EXERCISE OBJECTIVE
Only the lines from the start of the data below through the line that contains "20033462b shaft seal" are to be copied, exactly and without pictures.

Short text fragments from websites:
━━━━━━━━━━

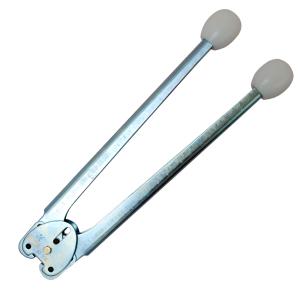 삼성 철밴드용 하조기 집게 SSE-19/ 스틸밴드 결속기 19mm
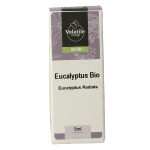 Volatile Eucalyptus radiata bio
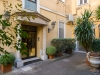 rome-boutique-apartments-apt-3-217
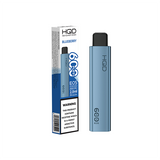 20mg HQD EOS Disposable Vape 600 Puffs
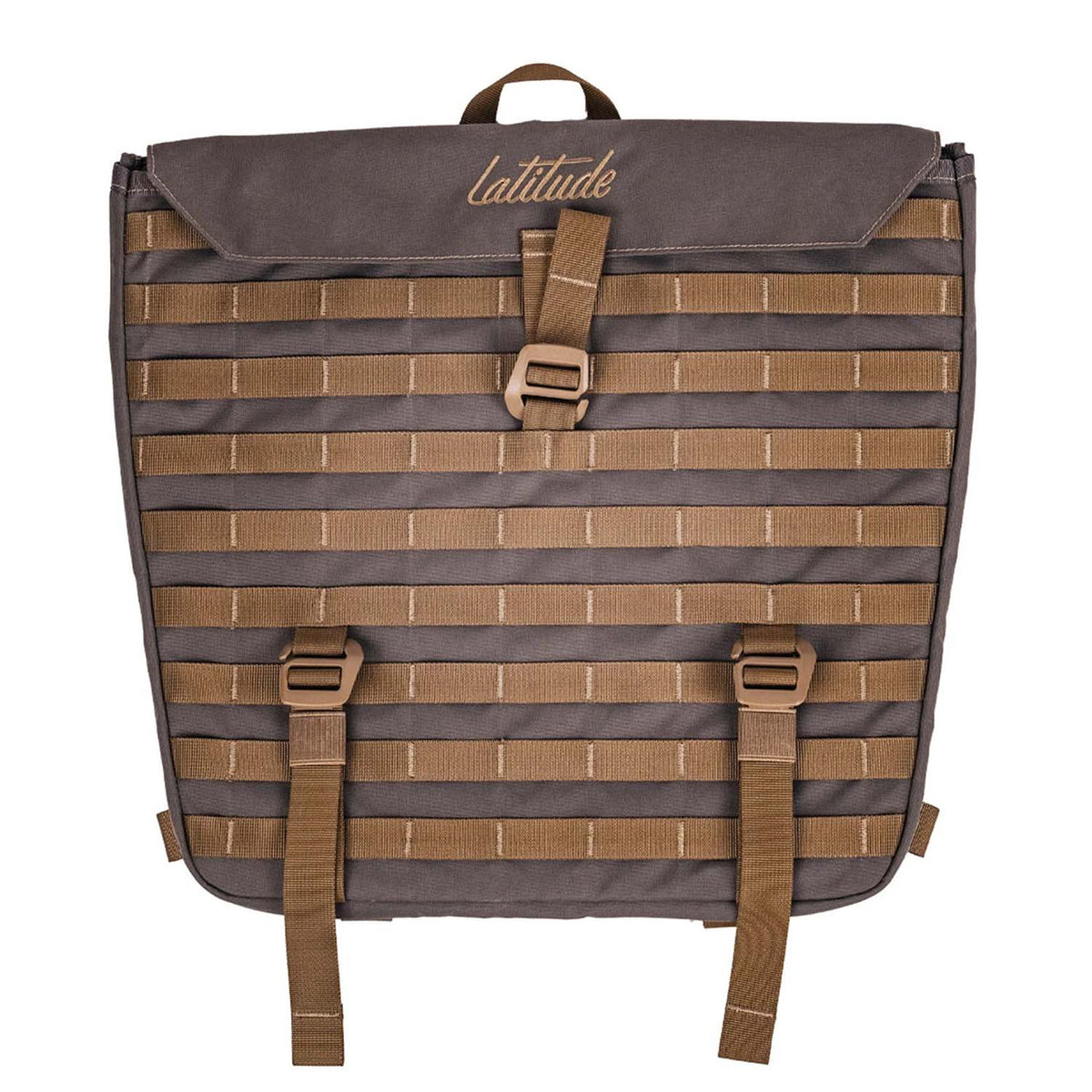 Latitude Profile Pocket XL Size image 
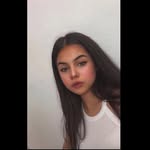 🔥 - @lill.yblock - Instagram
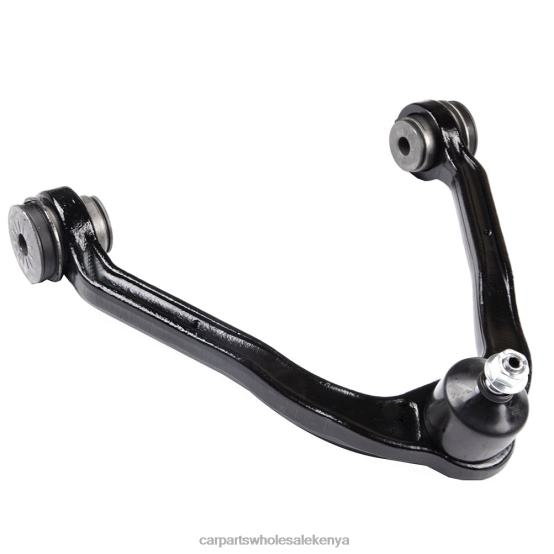 4B8X037 car spare parts nairobi k80942 - CONTROL ARM CHEVROLET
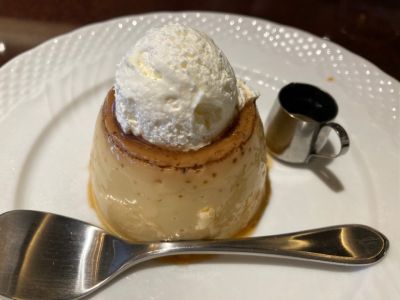 クチコミ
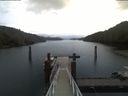 ./images/calvert/dock/20200213/dock20200213_084503.jpg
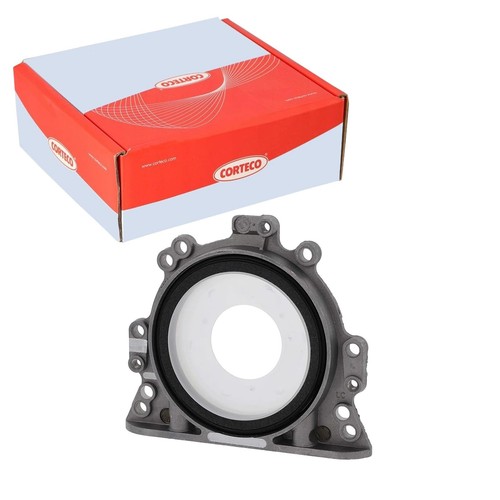 20033462b shaft seal - shaft,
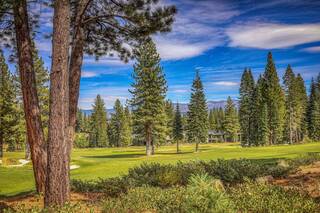 Listing Image 7 for 9263 Brae Road, Truckee, CA 96161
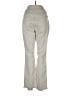 Jag Jeans Solid Tan Casual Pants Size 10 - photo 2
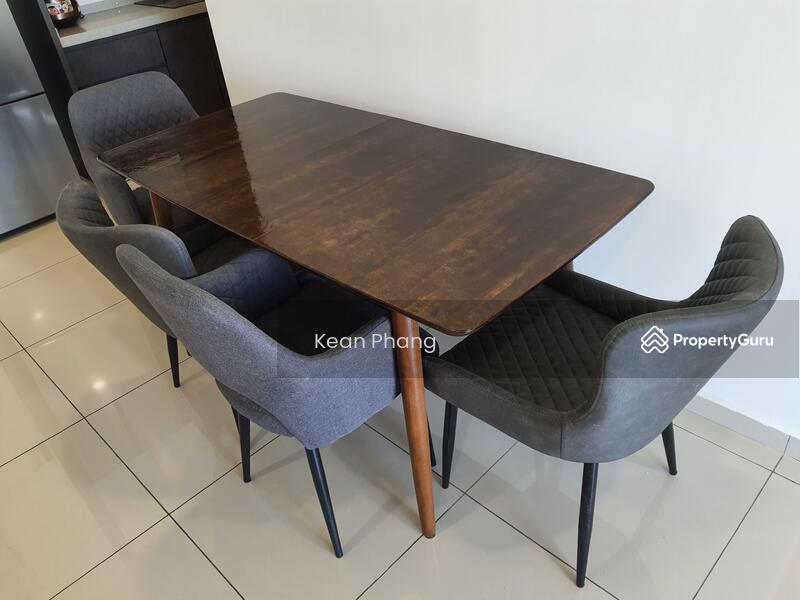 Servis Apartment untuk Dijual di Kenwingston Avenue - Kean Phang - PropertyGuru.com.my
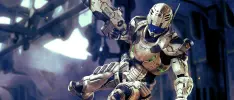 Bayonetta y Vanquish apenas entraron al Top 10 de ventas en Reino Unido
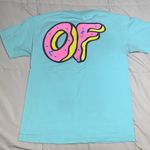 Odd Future  t-shirt Photo 1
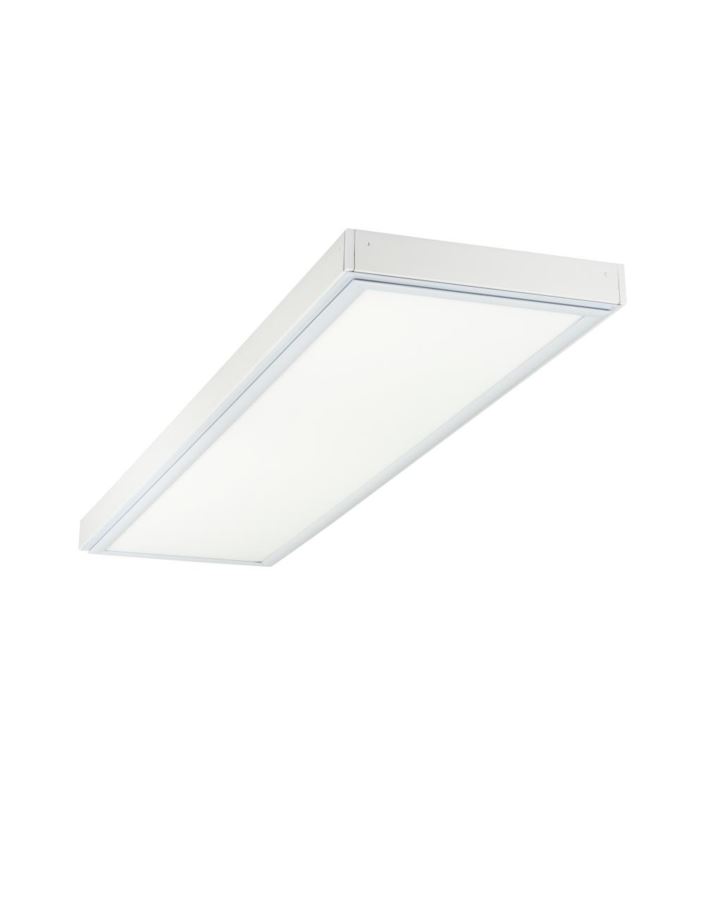 Ramka ECO LIGHT SKUEC20816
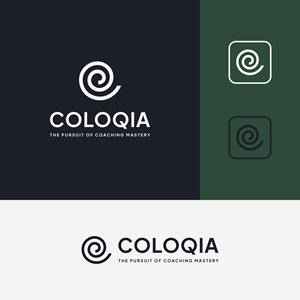 Logo Design by Sterling Design Studio for this project | Design: #37459249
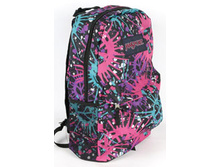 445� Jansport 40�14�28 ������ ����� ������.jpg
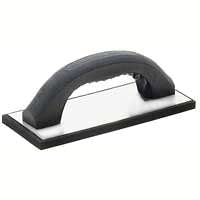 7-1/2X3-1/2IN GROUT FLOAT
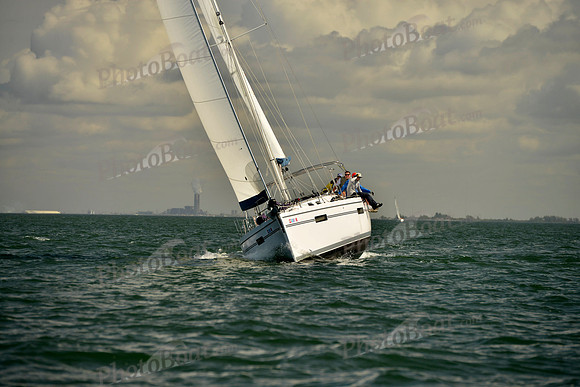 2019 St Pete NOOD C_0189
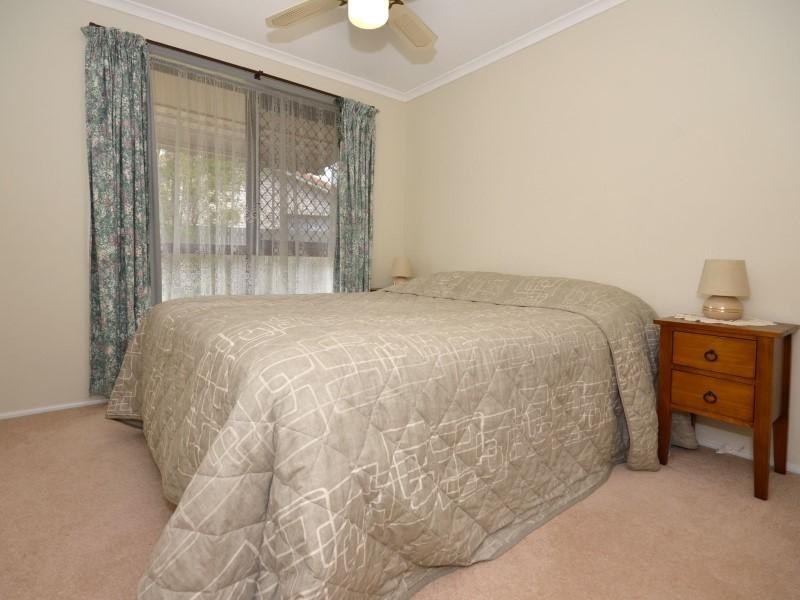 1 Bosun Place, Wurtulla QLD 4575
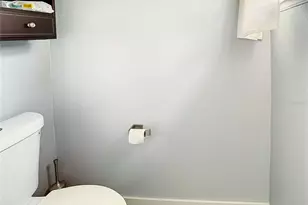 1109 Union Ave, Mascotte, FL 34753 - Photo 37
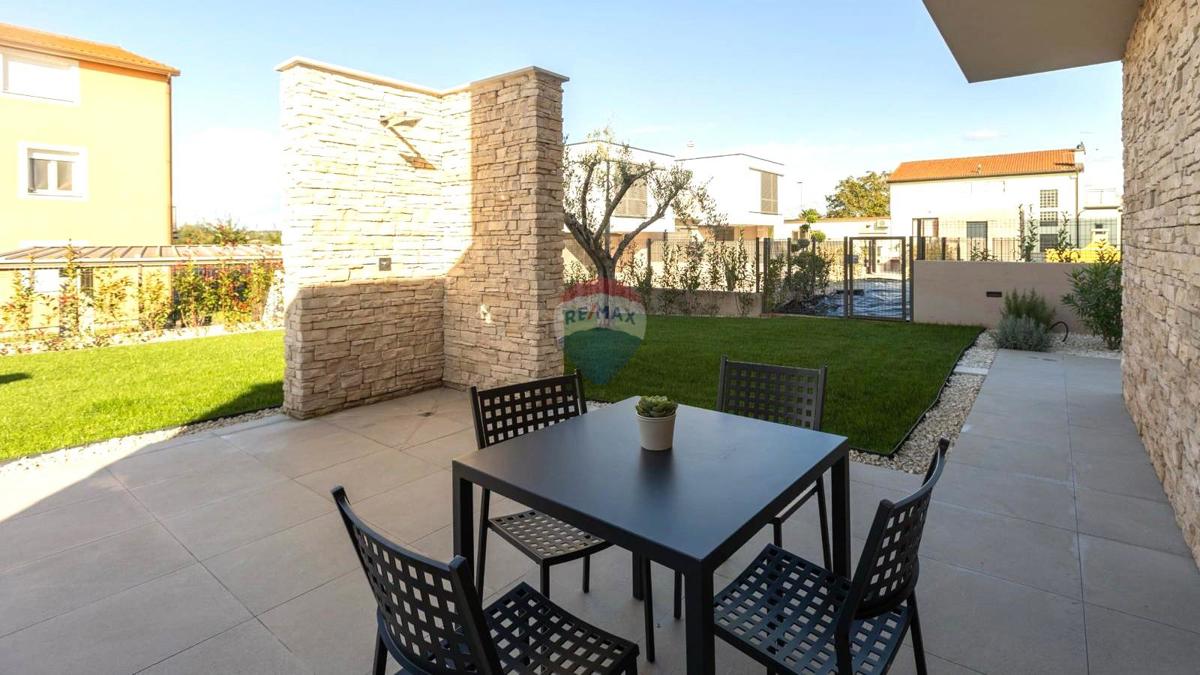 Haus Zu verkaufen - ISTARSKA UMAG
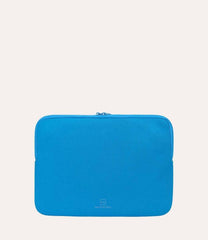 63599 - TUCANO BFC1314 - B - InfinityMarket - cometa -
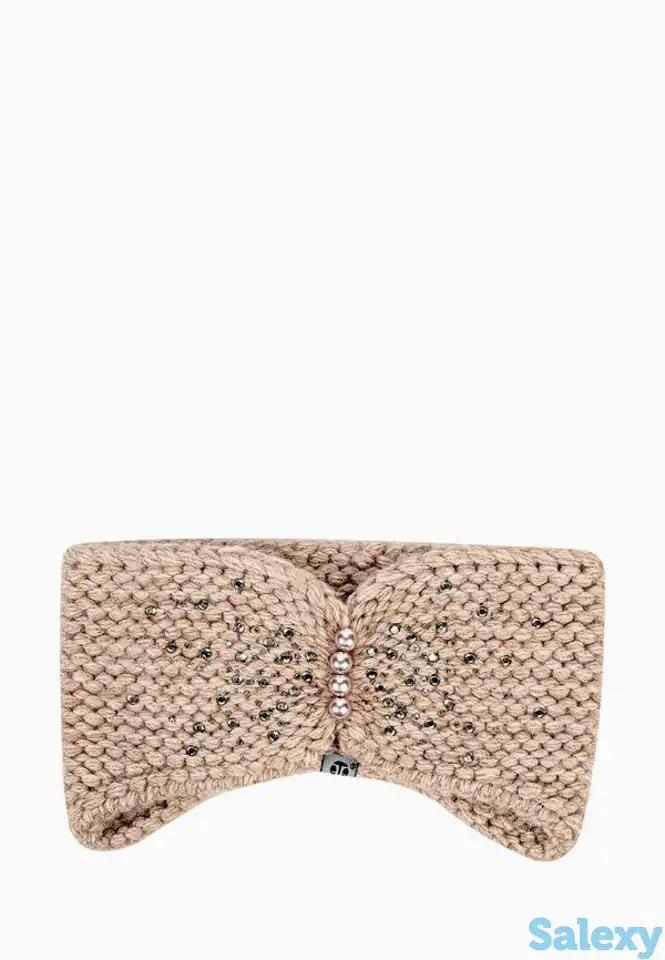 Повязка ferz, фотография 1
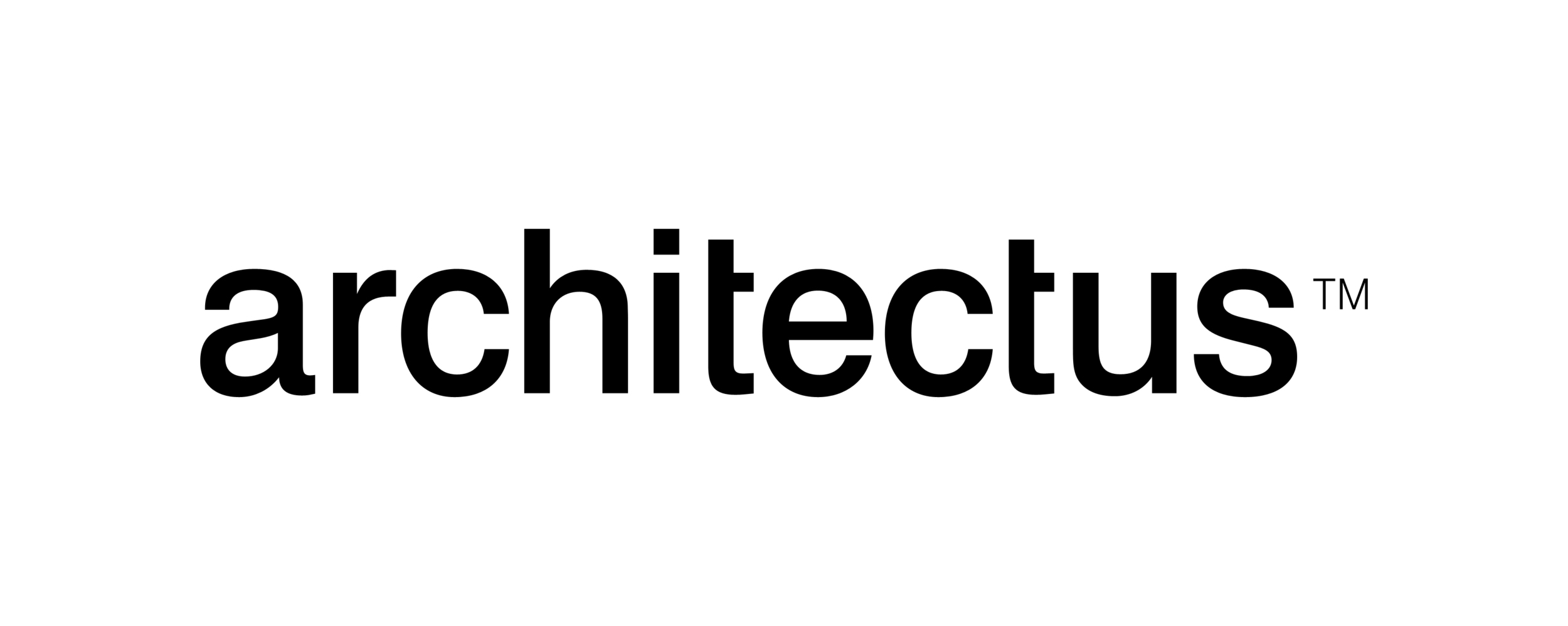 Architectus logo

━━━━━━━━━━

SOLUTION BELOW
 삼성 철밴드용 하조기 집게 SSE-19/ 스틸밴드 결속기 19mm
 Volatile Eucalyptus radiata bio
 rome-boutique-apartments-apt-3-217
 20mg HQD EOS Disposable Vape 600 Puffs
 Latitude Profile Pocket XL Size image 
 🔥 - @lill.yblock - Instagram
 4B8X037 car spare parts nairobi k80942 - CONTROL ARM CHEVROLET
 クチコミ
 ./images/calvert/dock/20200213/dock20200213_084503.jpg
 20033462b shaft seal - shaft,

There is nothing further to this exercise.